Deehunter’s Monomania will be released May 7, 2013 but, as part of a trend that is making me feel like all my tastes are completely outdated, NPR has it available to stream and listen to online in its “First Listen” section now.

Deerhunter’s last record, Halcyon Digest, is now three years old.  It was a remarkable record, but it’s sound was marked by the fact that, at the time of its release, the two creative poles in the band were clarifying the sound of their respective solo projects.  Lockett Pundt’s Lotus Plaza and Bradford Cox’ Atlas Sound were each to drop definitive records in the wake of Halcyon Digest.  Hearing Lotus Plaza’s Spooky Action at a Distance and Atlas Sound’s Parallax made it seem as though Halcyon Digest were more a collaboration of two side projects than the internally consistent output of one band.  Cox was (monomaniacally?) fixated on the use of looping pedals, and songs like “Fountain Stairs” found their long-form perfection over the course of Pundt’s Spooky Action.
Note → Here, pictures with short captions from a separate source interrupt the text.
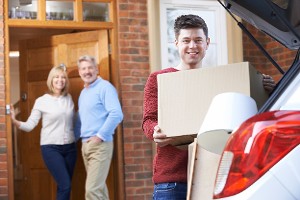Young man loads boxes into car as parents look on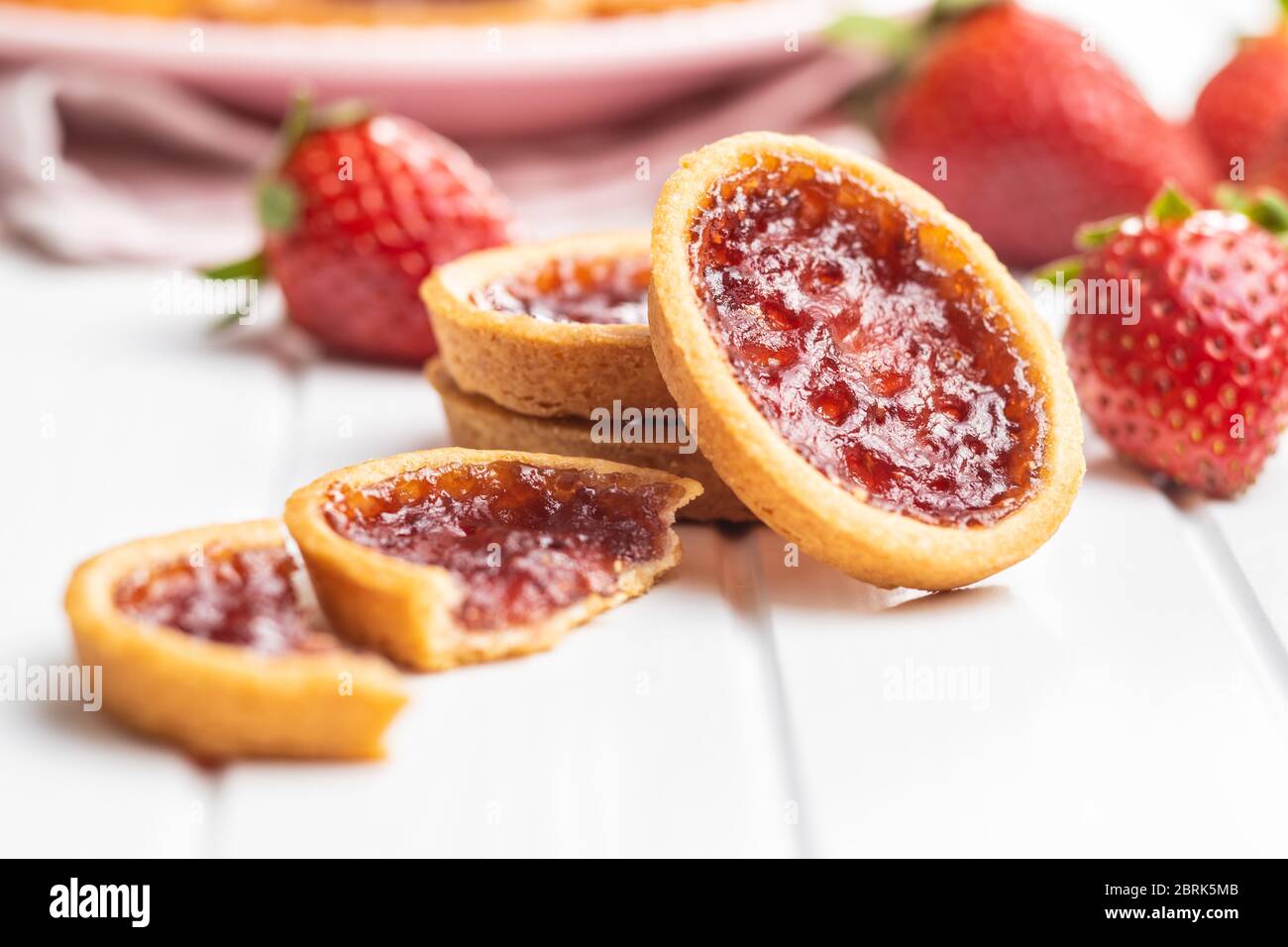Sweet biscuits with strawberries jam and strawberries on white table. Stock Photo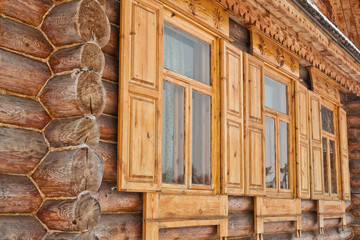 Three windows of old wooden house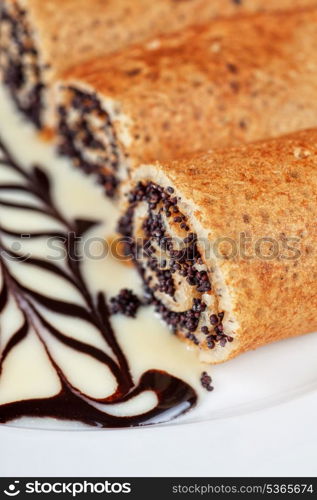 Pancakes with poppy seeds close-up.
It’s good when a band can mix things up and change expectations, and few groups can pull this off.  Deerhunter did on Halcyon Digest, but gone was the sock-hop gone freakout bad vibe that infused Cryptograms and Microcastle/Weird Era Continued.  Monomania, then,  is a return to form.  Perhaps the record’s title is to some degree a tongue-in-cheek nod to this need to home back in to the familiarity of the band’s screaming swirl of noise, and to those influences that seem to be displayed so ostentatiously on these new songs.  Never had Deerhunter’s debt to the Pixies and Breeders seemed so apparent to this reviewer than on “Dream Captain”, and is it possible that “Leather Jacket II” carries the lipstick traces of Garbage?  The title track has that by-now-trademarked pounding, repetitive feature, be it bridge, chorus, or solo, that marks so many of the most signature Deerhunter tunes (“Nothing Ever Happened”, “Memory Boy” are two good examples) reduced to the barest minimum of performance time.  Indeed, if anyone has seen the band perform “Nothing Ever Happened” more than once over the past several years, they have surely been left with the impression that the band is both playing the song through as quickly as possible out of annoyance over having produced a “hit” that can so readily pigeonhole them for fans and to somehow imbue it with more power, to concentrate the power of that song into a single grammatical flourish.  “Monomania”, the title song, leans more in this latter direction, seemingly only slipping between the open spaces of the verses in order to rage back into the fuzzed-out canyons of sound in the chorus.  There’s also what sounds like the recording of a motorbike engine all over the last half of the song.  That’s pretty cool.

Here you go, all you lost your edge indie rock types.  Deerhunter’s new record on NPR.

Unjustifiably Shitty Photos of… Deerhunter at the Showbox at the Market, Seattle

Crusading music writer sits down comfortably for entire show, eschews the inconvenience of walking nearer the stage to take nicer pictures!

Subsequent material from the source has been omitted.